:: Dataset ::

################

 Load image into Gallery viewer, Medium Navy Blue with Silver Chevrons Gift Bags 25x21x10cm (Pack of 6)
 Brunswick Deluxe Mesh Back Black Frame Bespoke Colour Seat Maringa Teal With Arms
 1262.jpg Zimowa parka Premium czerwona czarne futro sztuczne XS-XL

################

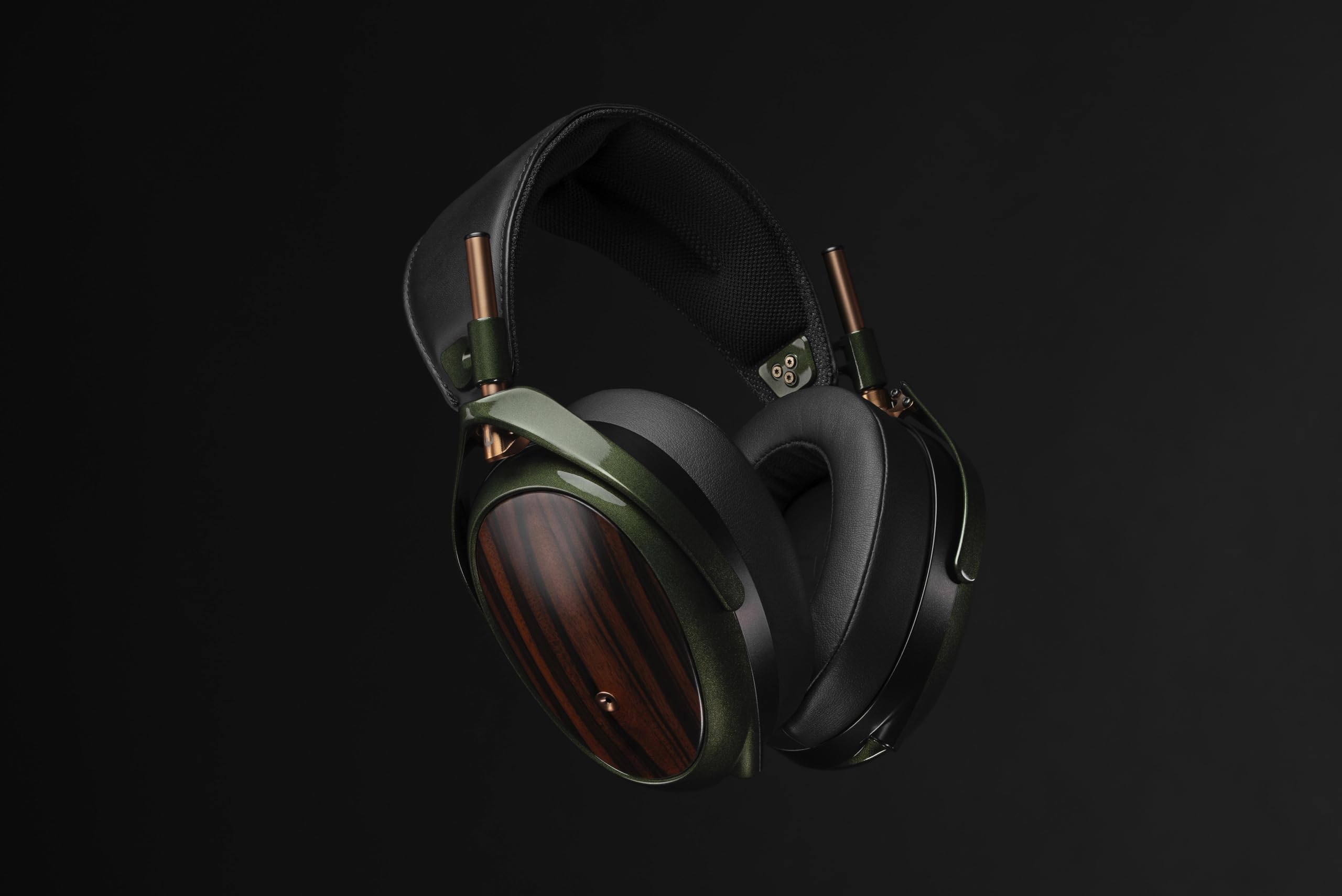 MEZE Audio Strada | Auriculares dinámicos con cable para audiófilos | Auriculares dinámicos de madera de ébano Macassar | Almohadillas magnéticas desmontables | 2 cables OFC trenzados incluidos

################

:: Aim of the task ::
Reprint exactly the lines above that start at the one with "Load image into" and end at the one with "1262.jpg Zimowa parka", keeping both and adding none.

:: Task solution ::
 Load image into Gallery viewer, Medium Navy Blue with Silver Chevrons Gift Bags 25x21x10cm (Pack of 6)
 Brunswick Deluxe Mesh Back Black Frame Bespoke Colour Seat Maringa Teal With Arms
 1262.jpg Zimowa parka Premium czerwona czarne futro sztuczne XS-XL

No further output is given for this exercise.